Roth IRAs can be an excellent tool for retirement savings in certain situations. A Roth IRA has the unique feature of tax-deferred growth and income tax-free distributions.
If an individual’s modified AGI is over $124,000, their Roth IRA contribution limits are reduced. For those filling jointly, the modified AGI limits are $206,000 and reduced contributions at $196,000.
If your income limits meet the eligibility requirements, there are contribution limits for the year. Those that are eligible to contribute are capped at contributions of $6,000 per year ($7,000 if you are over age 50) in 2020.

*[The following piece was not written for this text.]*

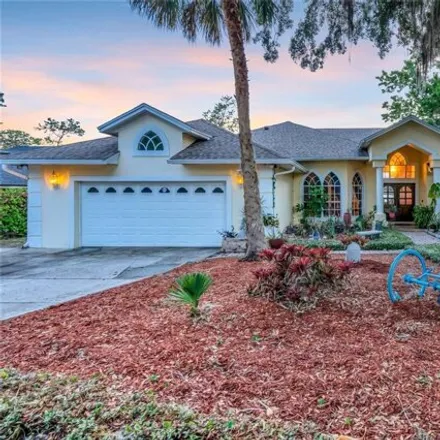 Buy this 4 bed house on 2420 Johio Shores Road in Orange County, FL 34761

The three main eroding factors of any retirement account are taxes, volatility, and account/management fees. Therefore, the Roth IRA eliminates the eroding factor of taxes, provided that the Roth IRA owner is at least 59 ½ years of age AND has held the account for a minimum of 5 years.
Your Roth IRA is funded with after-tax dollars. With a traditional IRA, you receive a tax deduction in the year you contribute and kick the tax bill down the road until later in life.
A potential drawback is that many Roth IRA accounts are usually tied to stock market investments, which can be volatile and risky. These investments can include high fees that may erode a large portion of earnings.
Imagine you open a Roth IRA at age 25 with $1,000, and you contribute $6,000 per year until age 59. Now we will pretend you earned 5% per year for those 34 years. This would give you an account value of $515,655.13 at age 59.